Anslee, 23, from Dacula, Georgia is next. Tyra first hears Anslee's hometown as "Dickula," and "jokes" that Ms. J. got excited. As if a penisloaf isn't enough, now we have to worry about a penis vampire? Anslee is recently married and has a two and a half year old to boot. She says she's a 23-year-old mom and she's still got it. Anslee makes like she's a monster in front of the camera. It's kind of true, and not in a good way. She tells us that if you can't strut your stuff and show people who you are, you're good for nothing.
Oh! And then it's 19-year old piercing victim Danielle. Jay asks how he'd do a cosmetic ad with her, and she responds by pushing her nose ring deeper into her nostrils. Stay classy! Danielle says that a lot of people look at her funny, but she's not going to stab them. Lies. Tyra tells Danielle that she's quite classically beautiful, but with holes and piercings and tattoos. Danielle says that she can do classic, edgy, or modern, because she's versatile. Frankly, I'm just glad she's there and can get a few nutritious meals. She is why school breakfast programs were invented!
Speaking of food, the girls have lunch and Jeanna also wants to have a lesbian love affair with Naduah! While the rest of the girls get to know each other, Danielle and Hallie sat off at a table by themselves. Now, that's a weird twosome. Hallie tells Danielle that "we Southern girls" are classy enough to know that it's not kosher to go sing and dance and shake their asses. Um, she's talking to a girl wearing a purple leopard print fleece with two points of metal sticking out of her lower lip. Hallie thinks that a ton of the other girls don't deserve to be there, and tries to engage Danielle in judgmental shit talking about the others. Poor Danielle. This is her first time out of the trailer park and as such she's really intimidated by this crowd of beauties who are constantly acting zany and ripping off their wigs. She's clearly latching on to anyone who offers a quasi-kind word. And Hallie just wants a toady. Still, I might watch the two of them in a road buddy movie.

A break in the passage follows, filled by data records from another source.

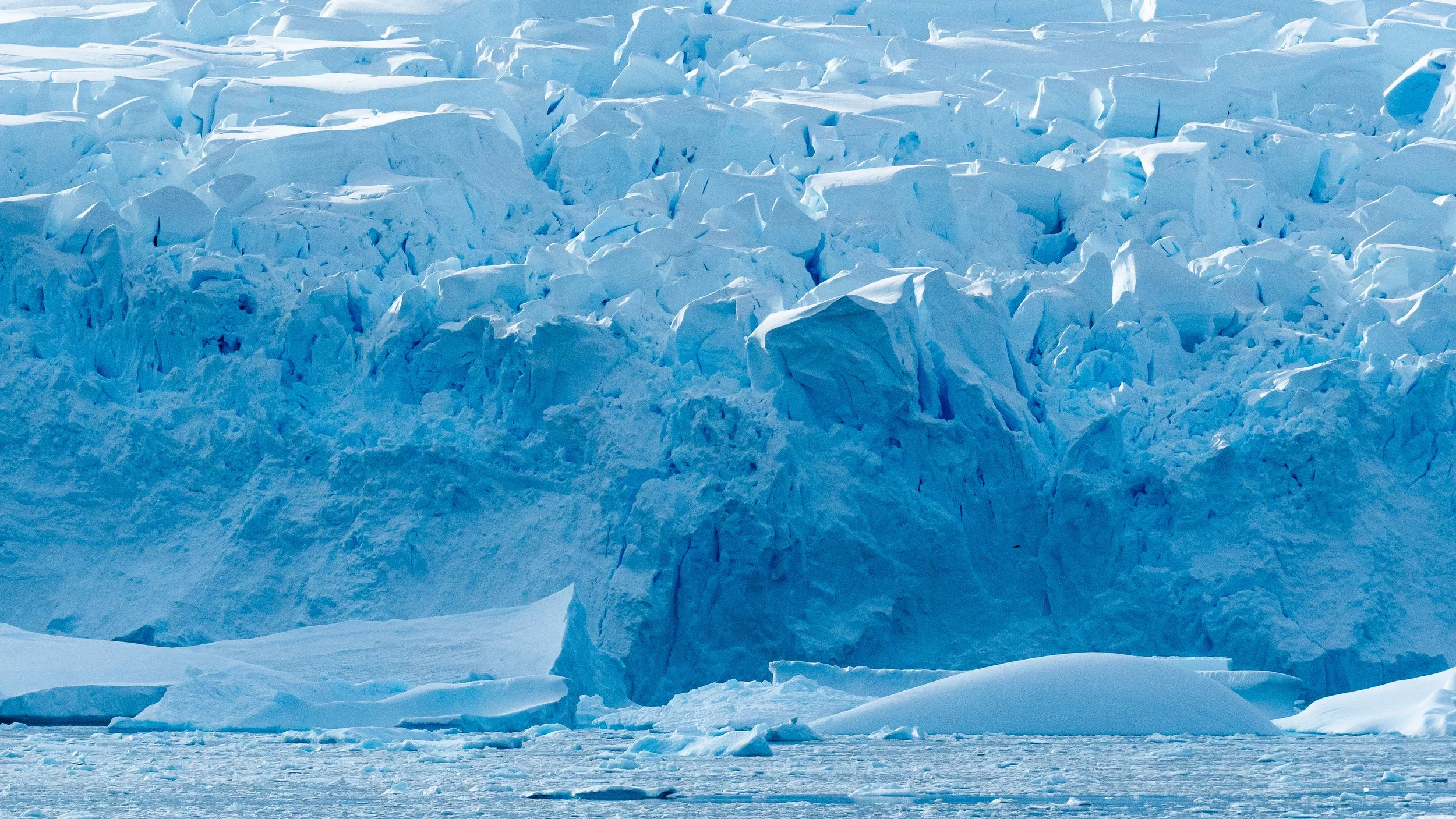 A vast expanse of ice and snow with large broken ice chunks and a glacier in the background under a clear sky.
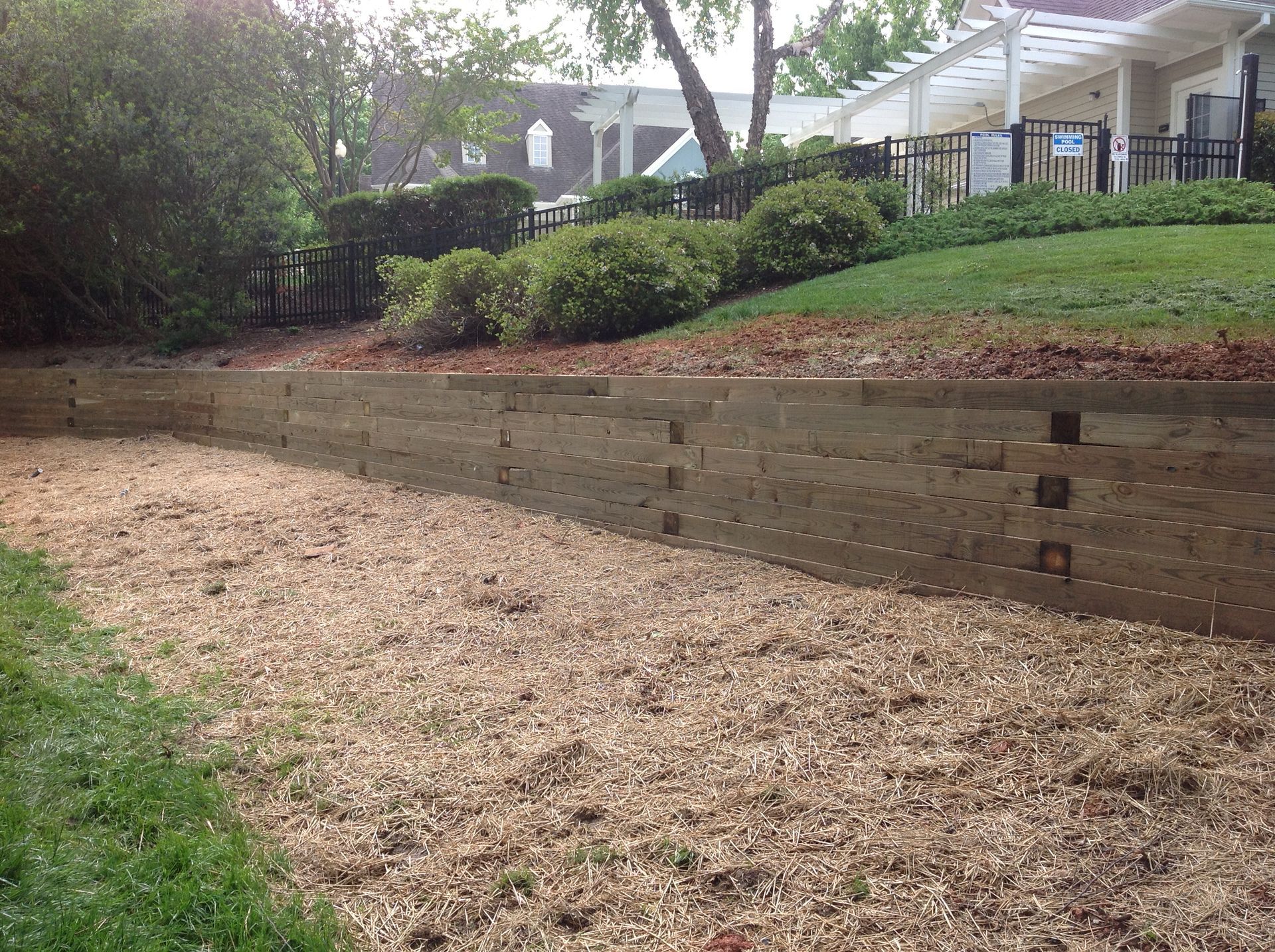 A wooden retaining wall holds back a sloped lawn. Wood chips cover the ground in front.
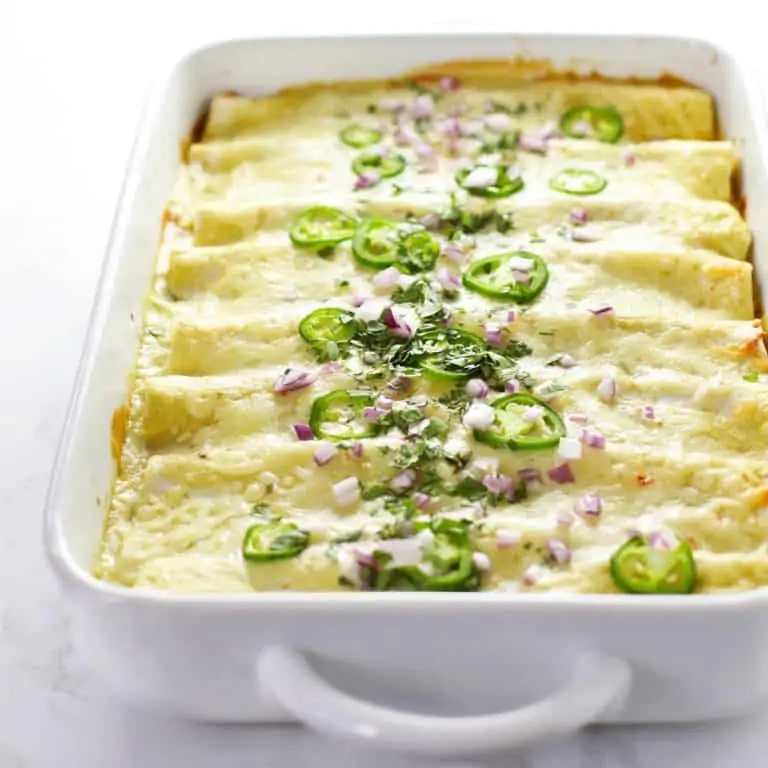 Vegetarian black bean enchiladas in a white dish.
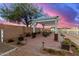 Outdoor patio featuring a pergola with string lights, perfect for evening gatherings at 31301 N Sunflower Way, San Tan Valley, AZ 85143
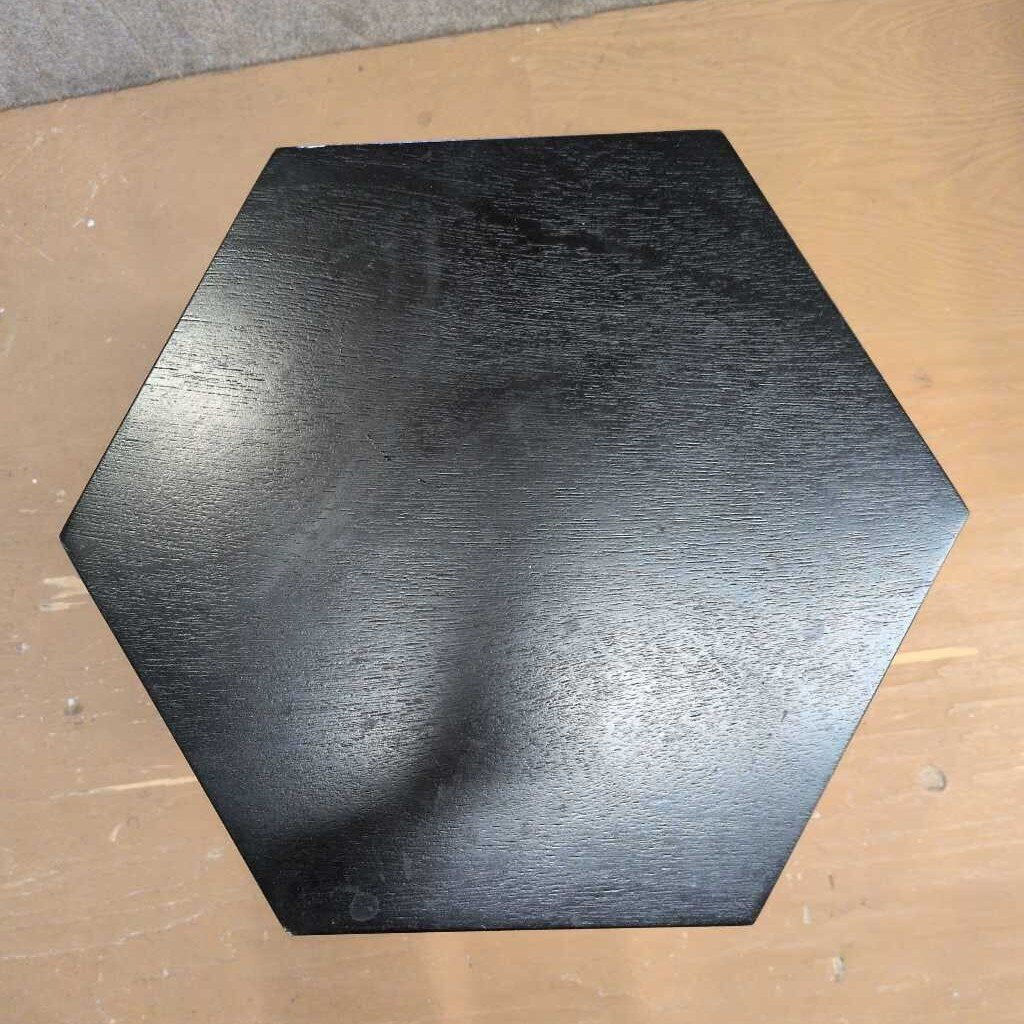 Hexagonal black metal block on a wooden surface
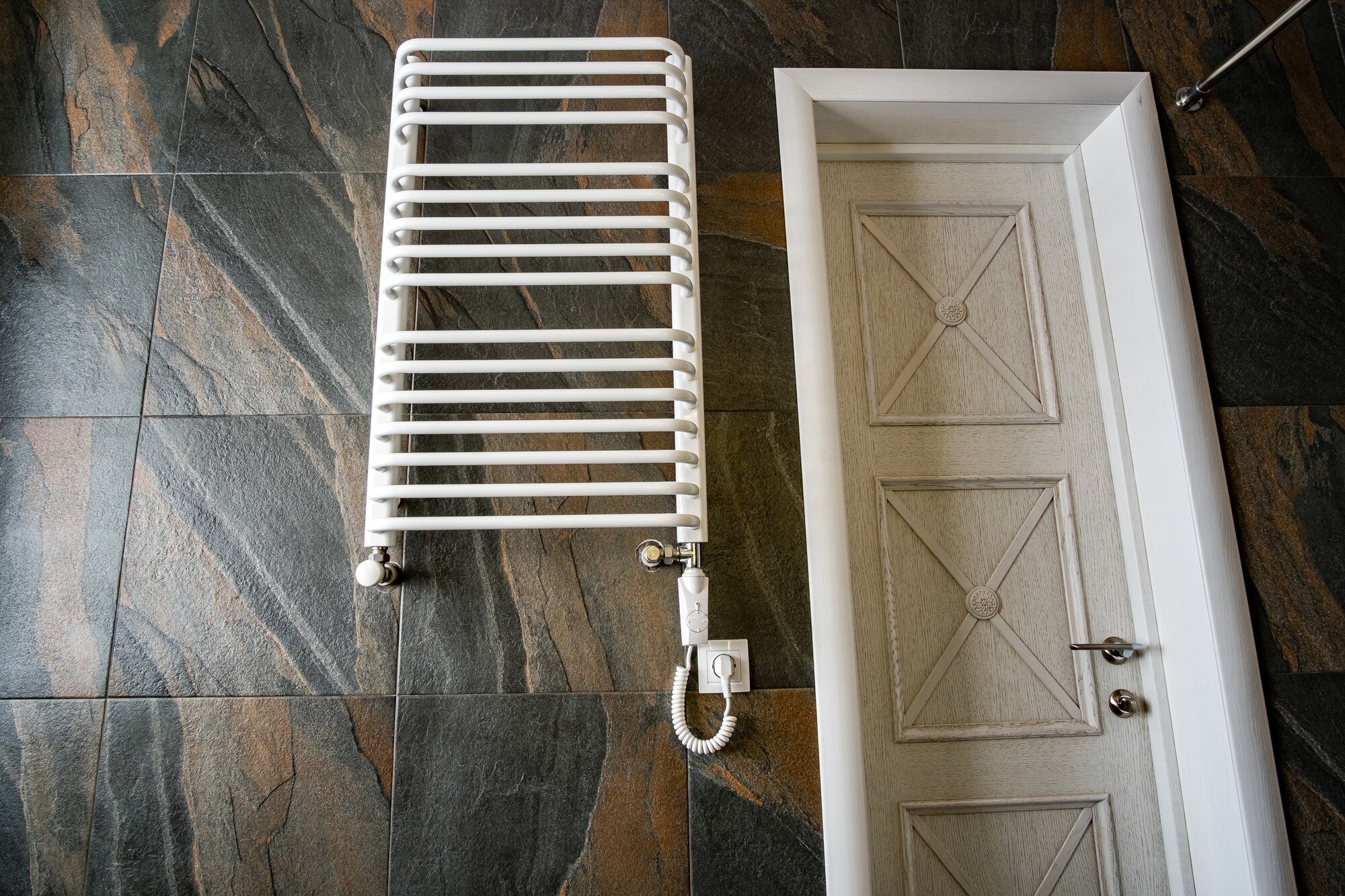 Biała nowoczesna elektryczna suszarka na ręczniki zamontowana na czarnej, wyłożonej kafelkami ścianie w nowoczesnej łazience.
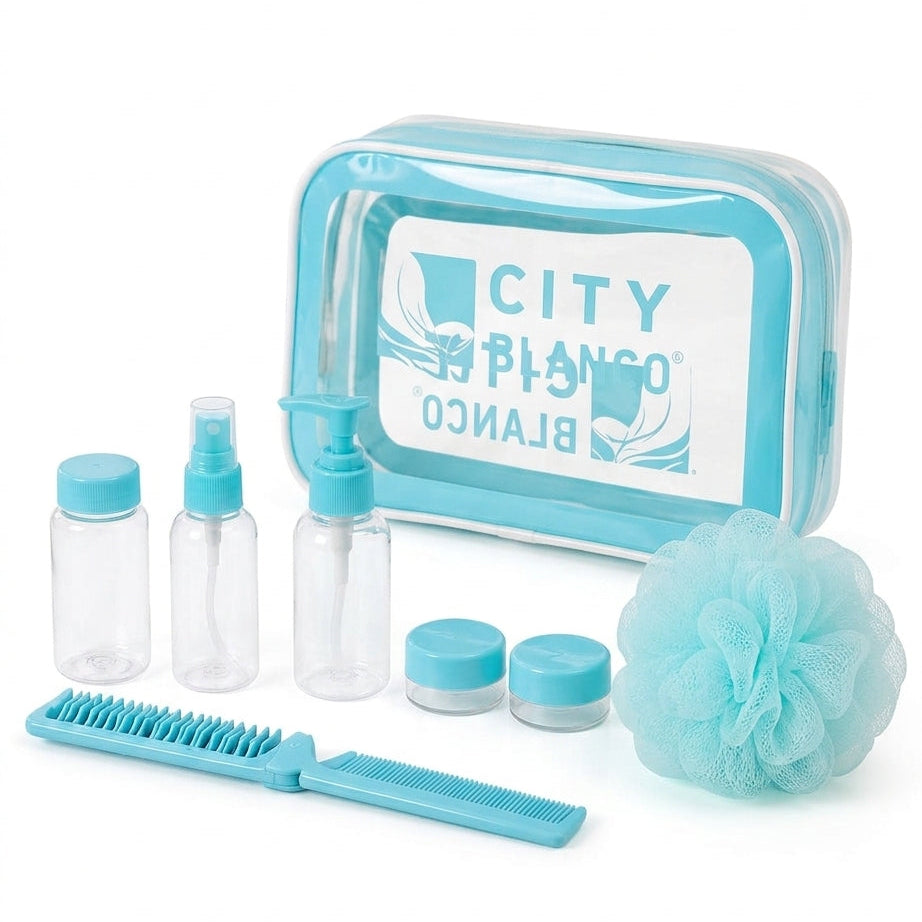A toiletry kit set with a light blue and white zippered case, three clear bottles, two small jars, a blue-and-white comb, and a light blue loofah sponge on a white background. The case label shows the brand name 'CITY BLANCO'.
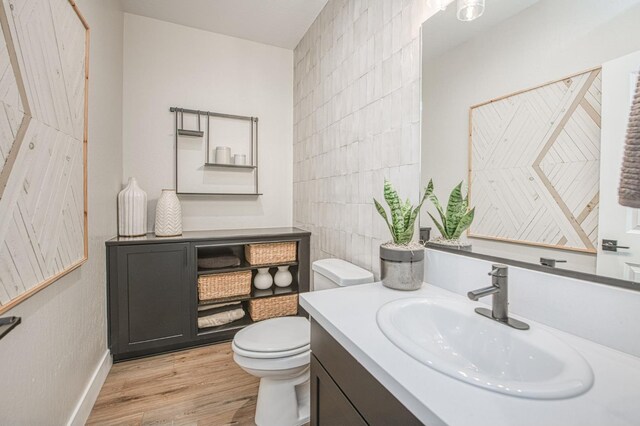 1165 Maclure Ave W, Madera, CA 93636 - bathroom with toilet, tile walls, wood finished floors, vanity, and baseboards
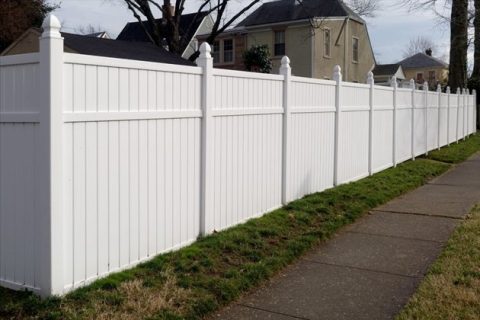 Decorative Vinyl fence around a garden, adding charm and protection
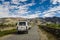 Jeep Caravan cars on road with View of Zanskar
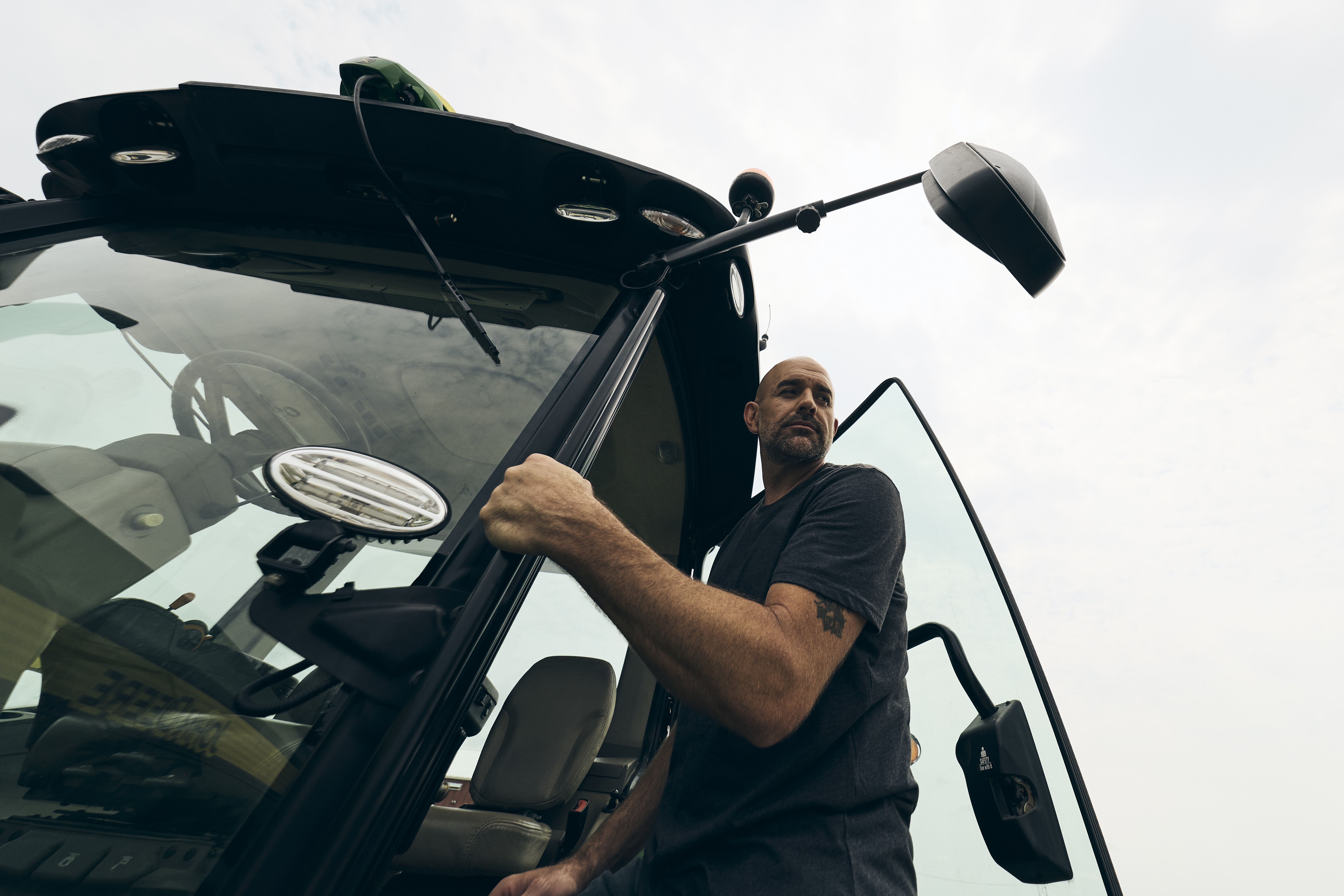 Low-angle view of a person climbing out of a tractor cab on a farm under a cloudy sky.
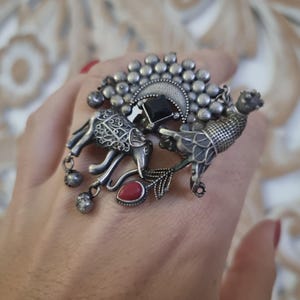 Peut inclure: Bague argentée ornée d'un éléphant et d'un oiseau, ornée d'une pierre noire carrée et d'une pierre rouge en forme de goutte. La bague présente des détails complexes et des embellissements pendants, pour un style artistique unique.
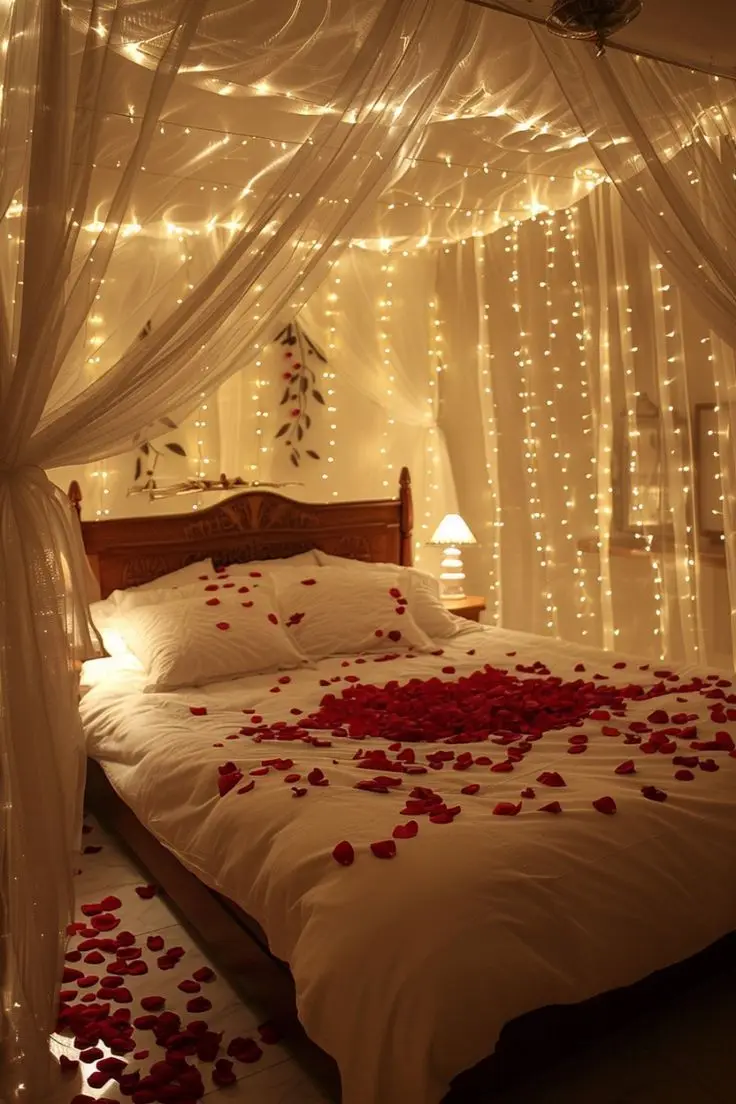 A canopy bed with fairy lights and a rose petal heart on the bed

The girls meet up with the Jays, which means that the first cut is coming. Twelve girls are going to have their friend requests rejected. Each girl has a touch panel with their photo and a button that says "status." Twenty of them will have their friendship status "pending," and the others will be declined. The girls have at it, and many of our favorites make it to the next phase. Squealing and screaming abounds. Out of the melee we learn that Nida is the first victim of Tyra's selective friend policy. It's too bad -- she's so pretty! A bunch of others who didn't even get the formality of a televised interview in front of the judges are axed, and so is Danielle. She hyperventilates, and wants to have two seconds in front of Tyra to ask what she doesn't like. Well, it's possible that Tyra doesn't like how Danielle falls into a fetal position on the floor and has to have her cooch blurred. I don't know, just a guess.